The answer should match the entries below word for word, minus their pictures.
___
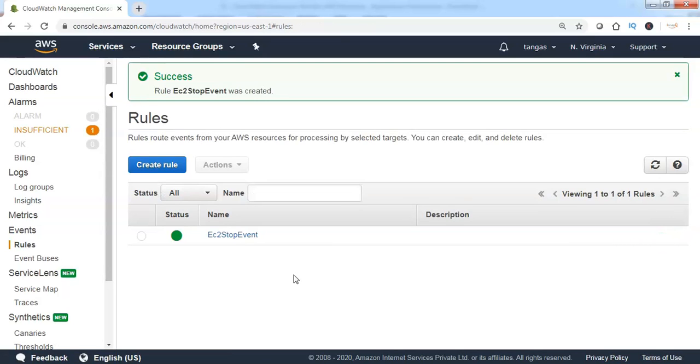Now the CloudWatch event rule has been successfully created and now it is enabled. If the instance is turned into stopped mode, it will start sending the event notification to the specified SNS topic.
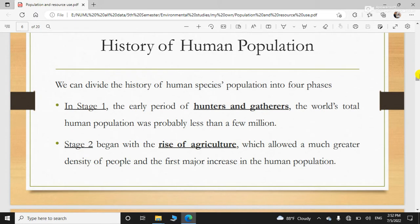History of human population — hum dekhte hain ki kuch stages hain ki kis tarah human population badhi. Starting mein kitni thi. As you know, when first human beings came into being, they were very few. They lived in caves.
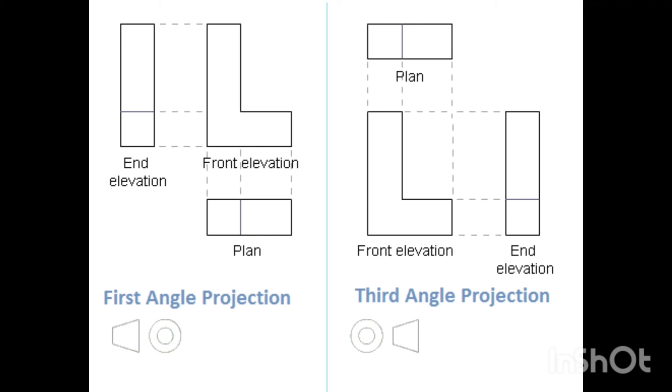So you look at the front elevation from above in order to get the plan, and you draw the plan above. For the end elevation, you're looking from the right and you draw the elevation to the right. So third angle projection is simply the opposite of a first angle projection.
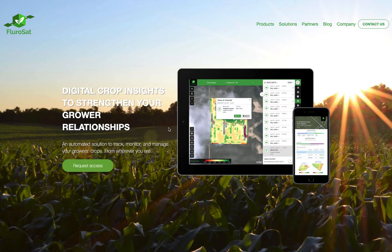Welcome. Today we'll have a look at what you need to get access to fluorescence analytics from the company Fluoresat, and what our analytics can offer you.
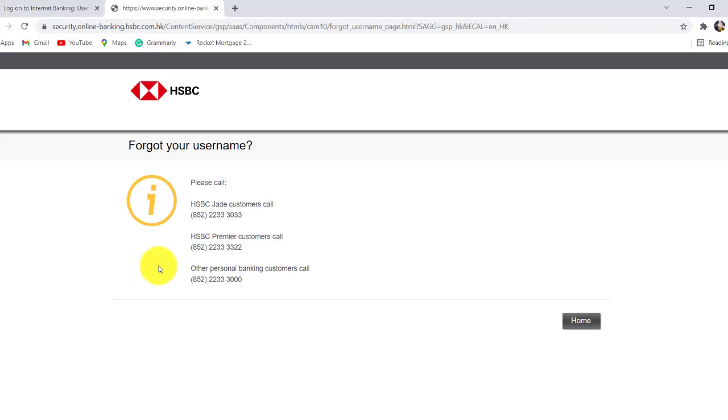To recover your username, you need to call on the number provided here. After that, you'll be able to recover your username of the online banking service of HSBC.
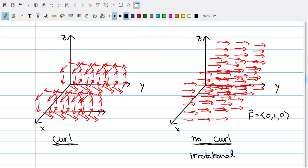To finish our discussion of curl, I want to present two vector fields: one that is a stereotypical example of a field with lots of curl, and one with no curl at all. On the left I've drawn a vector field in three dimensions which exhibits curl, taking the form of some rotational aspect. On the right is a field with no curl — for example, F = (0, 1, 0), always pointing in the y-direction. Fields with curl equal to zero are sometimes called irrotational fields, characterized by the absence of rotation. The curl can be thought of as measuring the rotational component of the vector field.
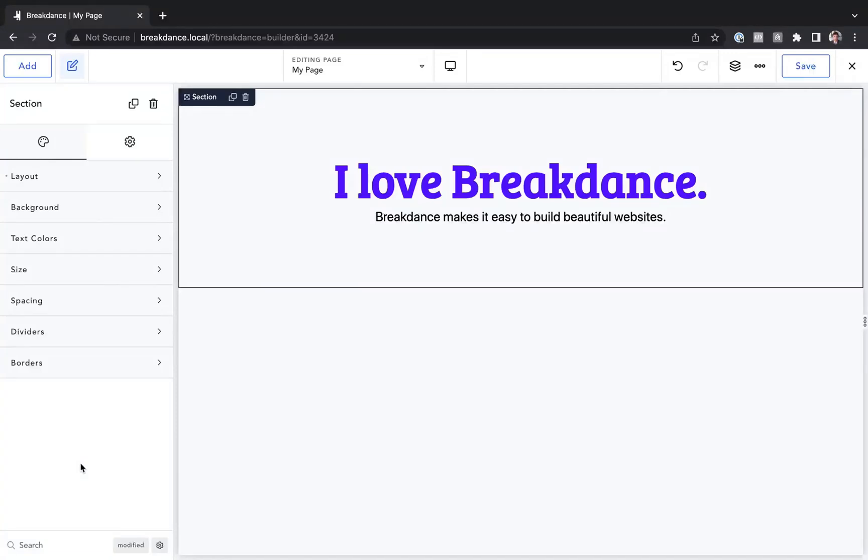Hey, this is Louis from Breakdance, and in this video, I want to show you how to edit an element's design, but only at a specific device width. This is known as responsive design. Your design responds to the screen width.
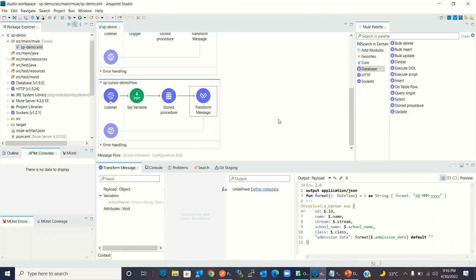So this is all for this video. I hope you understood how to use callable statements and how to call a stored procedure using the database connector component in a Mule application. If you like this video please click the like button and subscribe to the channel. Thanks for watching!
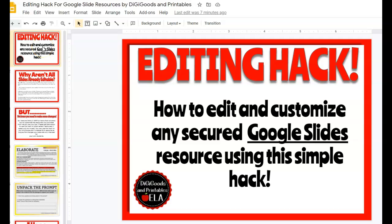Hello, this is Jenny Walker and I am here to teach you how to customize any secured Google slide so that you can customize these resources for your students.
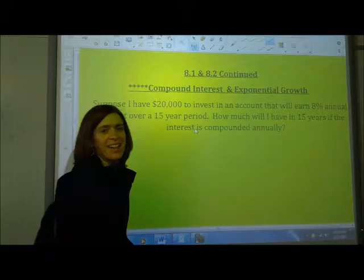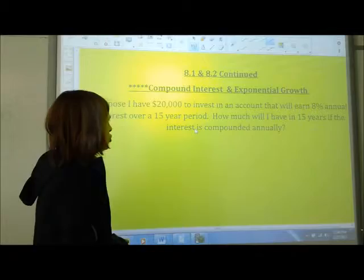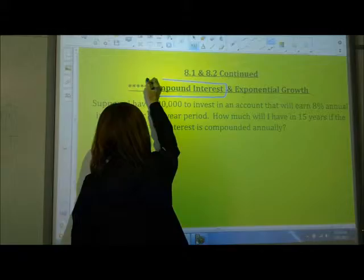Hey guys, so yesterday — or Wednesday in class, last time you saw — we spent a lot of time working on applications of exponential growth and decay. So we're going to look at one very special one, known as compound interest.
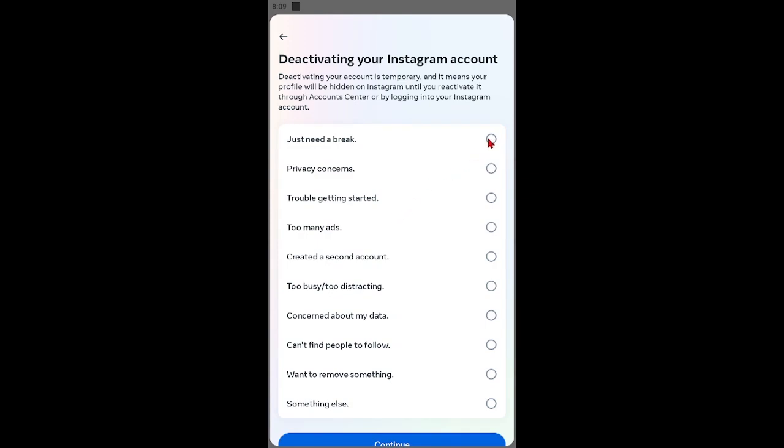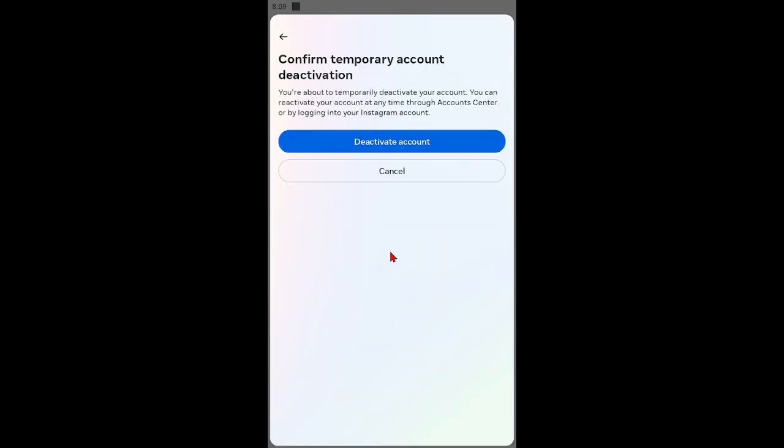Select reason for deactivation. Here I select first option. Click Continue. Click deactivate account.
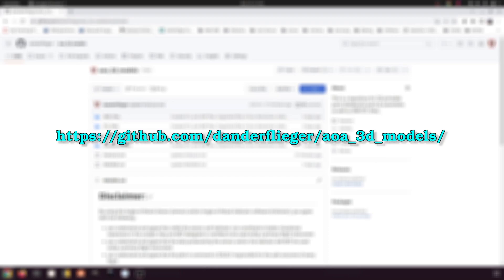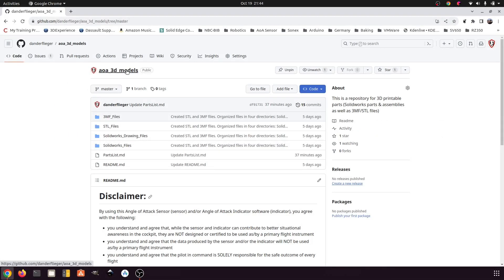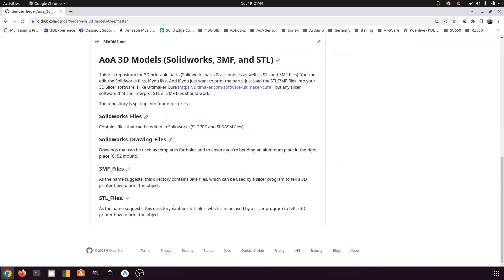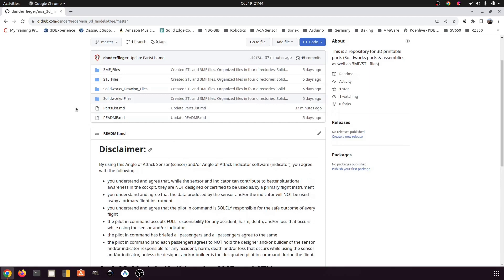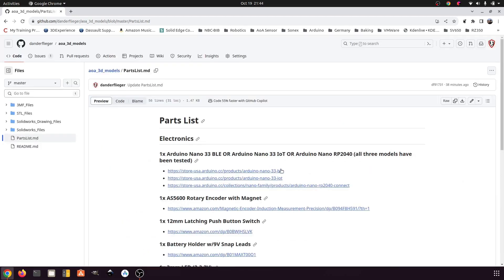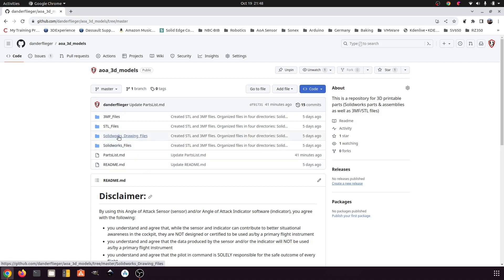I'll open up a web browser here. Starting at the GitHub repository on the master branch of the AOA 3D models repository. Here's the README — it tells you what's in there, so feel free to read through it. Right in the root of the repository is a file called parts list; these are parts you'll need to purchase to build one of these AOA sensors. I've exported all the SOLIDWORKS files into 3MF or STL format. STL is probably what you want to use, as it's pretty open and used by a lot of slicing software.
___
### [Reply to the exercise]
Now the CloudWatch event rule has been successfully created and now it is enabled. If the instance is turned into stopped mode, it will start sending the event notification to the specified SNS topic.
History of human population — hum dekhte hain ki kuch stages hain ki kis tarah human population badhi. Starting mein kitni thi. As you know, when first human beings came into being, they were very few. They lived in caves.
So you look at the front elevation from above in order to get the plan, and you draw the plan above. For the end elevation, you're looking from the right and you draw the elevation to the right. So third angle projection is simply the opposite of a first angle projection.
Welcome. Today we'll have a look at what you need to get access to fluorescence analytics from the company Fluoresat, and what our analytics can offer you.
To recover your username, you need to call on the number provided here. After that, you'll be able to recover your username of the online banking service of HSBC.
To finish our discussion of curl, I want to present two vector fields: one that is a stereotypical example of a field with lots of curl, and one with no curl at all. On the left I've drawn a vector field in three dimensions which exhibits curl, taking the form of some rotational aspect. On the right is a field with no curl — for example, F = (0, 1, 0), always pointing in the y-direction. Fields with curl equal to zero are sometimes called irrotational fields, characterized by the absence of rotation. The curl can be thought of as measuring the rotational component of the vector field.
Hey, this is Louis from Breakdance, and in this video, I want to show you how to edit an element's design, but only at a specific device width. This is known as responsive design. Your design responds to the screen width.
So this is all for this video. I hope you understood how to use callable statements and how to call a stored procedure using the database connector component in a Mule application. If you like this video please click the like button and subscribe to the channel. Thanks for watching!
Hello, this is Jenny Walker and I am here to teach you how to customize any secured Google slide so that you can customize these resources for your students.
Hey guys, so yesterday — or Wednesday in class, last time you saw — we spent a lot of time working on applications of exponential growth and decay. So we're going to look at one very special one, known as compound interest.
Select reason for deactivation. Here I select first option. Click Continue. Click deactivate account.
I'll open up a web browser here. Starting at the GitHub repository on the master branch of the AOA 3D models repository. Here's the README — it tells you what's in there, so feel free to read through it. Right in the root of the repository is a file called parts list; these are parts you'll need to purchase to build one of these AOA sensors. I've exported all the SOLIDWORKS files into 3MF or STL format. STL is probably what you want to use, as it's pretty open and used by a lot of slicing software.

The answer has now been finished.